The current in the field or exciter coil creates an ac magnetic field that induces a voltage, not a current, in series with the pickup coil. This follows from Maxwell's equation or the law of magnetic induction. Current flows if there is a load on the coil, such as the coil capacitance or the loading caused by eddy currents in the cores, etc. (A so called current transformer is a tightly coupled transformer driven from a high impedance so that the current in the secondary is related to that in the primary by the turns ratio. The very loosely coupled situation here does not behave that way.)
You describe one way to make the current through the field coil independent of frequency: make the inductive reactance low compared to the dc resistance of the coil across the whole useful frequency range. A better way is to drive the coil with a current source, that is, a circuit with an output impedance much higher than the impedance of the coil at any useful frequency.
You describe one way to make the current through the field coil independent of frequency: make the inductive reactance low compared to the dc resistance of the coil across the whole useful frequency range. A better way is to drive the coil with a current source, that is, a circuit with an output impedance much higher than the impedance of the coil at any useful frequency.
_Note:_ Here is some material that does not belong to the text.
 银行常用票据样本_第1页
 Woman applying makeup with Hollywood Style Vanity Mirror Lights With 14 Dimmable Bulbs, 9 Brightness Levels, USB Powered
Any pair of coupled coils can be descibed as a (non-ideal) transformer. And a transformer is able to transform voltage and current as well as Z,R,L,C. Loose coupling causes reduced voltages and deviations from the ideal turns ratio relations. But the principle works nevertheless.
The idea behind the method is to generate a frequency-independent current in the inductance part of the PU. Constant current through the inductance produces a voltage across the inductance rising linearly with frequency, just like in real PU operation, where the voltage is induced via dPhi/dt.
This constant current is the input test signal and must flow through the load consisting of DCR and capacitance. The output signal is the voltage developed across the capacitance/terminals.
The method is best descibed via the current transformer principle. And if done carefully it works just fine, as can be most easily seen by the straight horizontal line behaviour of the integrated output voltage. My explanations are in line with Lemme and Zollner.
Your are right, generating the constant current via the constant current driven field coil is nothing but a constant current source. And it could be replaced by an (active) wide band CCS if there were direct access to the inductance part of the PU, which is not.
Feeding a constant current to the (output) terminals of the PU inevitably yields the two-pole/two-terminal impedance response. This is different from the quadripole transfer response revealed by the descibed method.
I don't pretend, though, that the transfer response reveals information not available from the impedance response.